■ Material provided ■

=-=-=-=-=

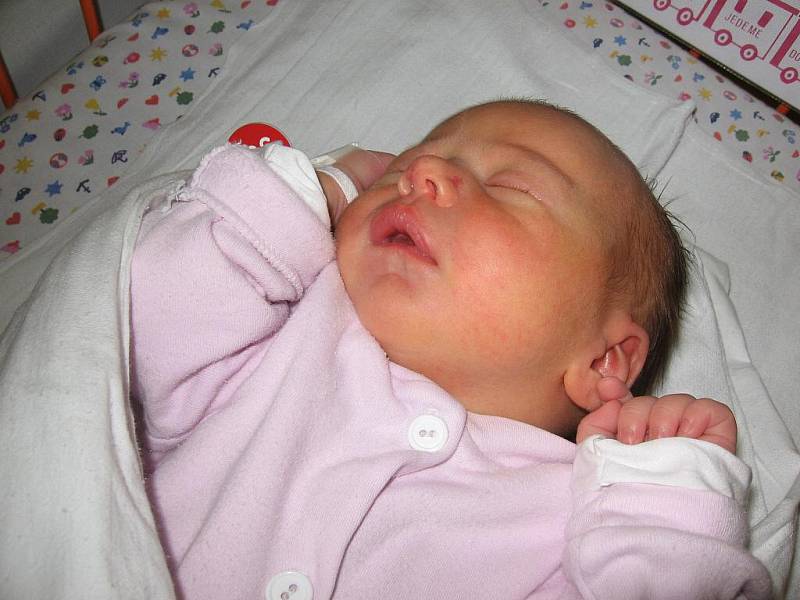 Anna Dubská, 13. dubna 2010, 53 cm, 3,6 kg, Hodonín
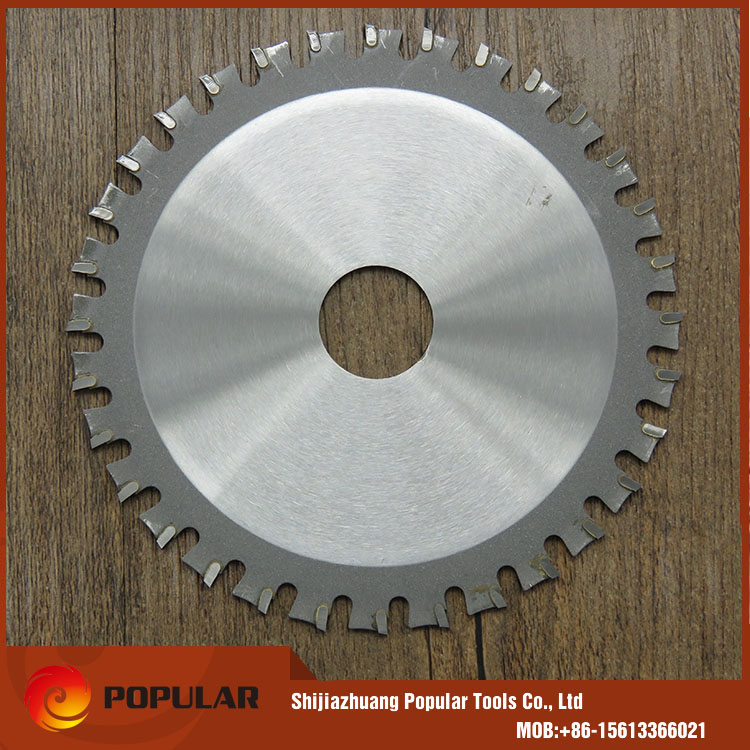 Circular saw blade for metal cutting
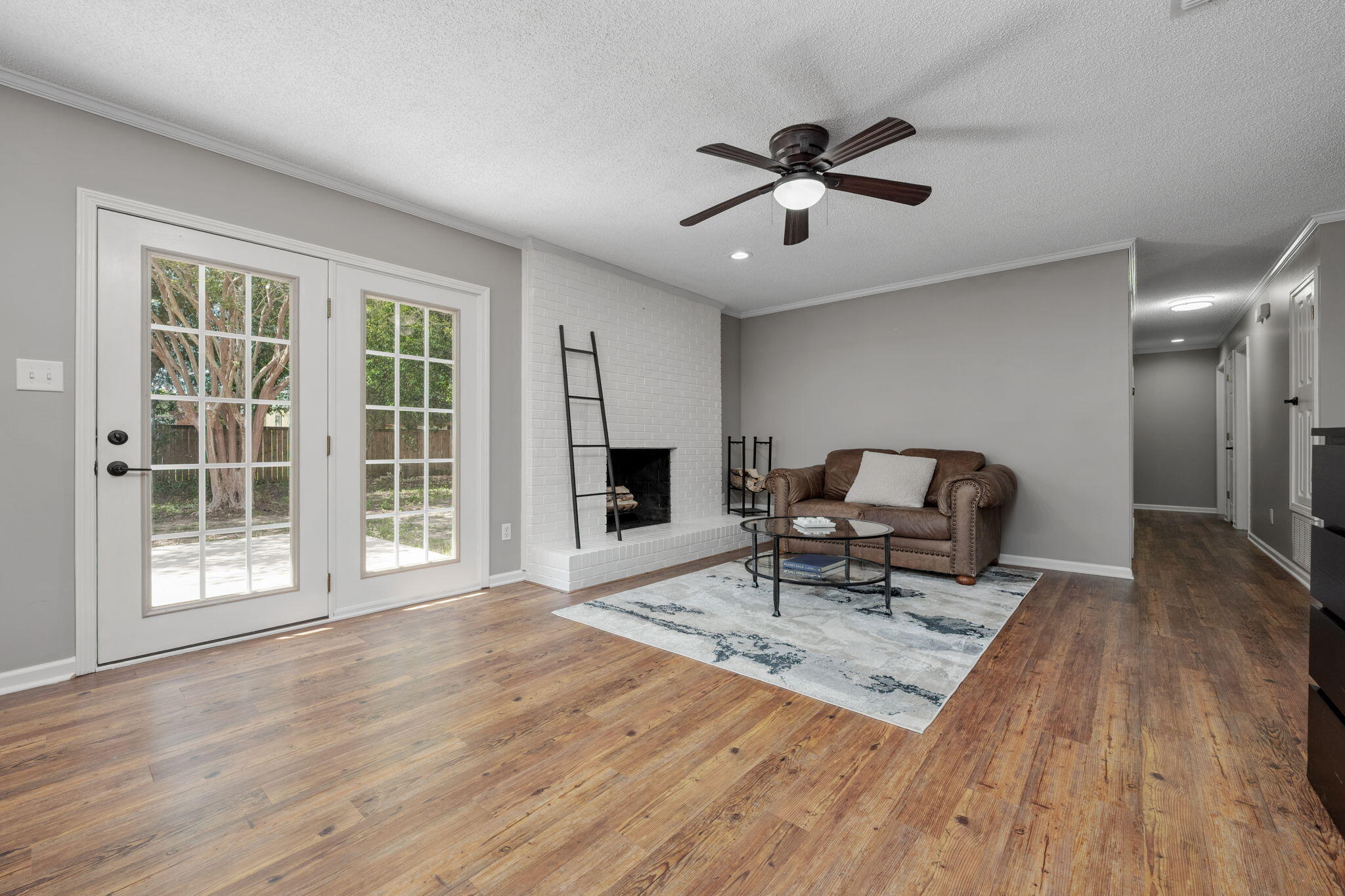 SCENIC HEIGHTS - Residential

=-=-=-=-=

■ Problem to work on ■
Retype the whole listing, keeping every line identical and omitting all pictures.

■ Solution to this exercise ■
 Anna Dubská, 13. dubna 2010, 53 cm, 3,6 kg, Hodonín
 Circular saw blade for metal cutting
 SCENIC HEIGHTS - Residential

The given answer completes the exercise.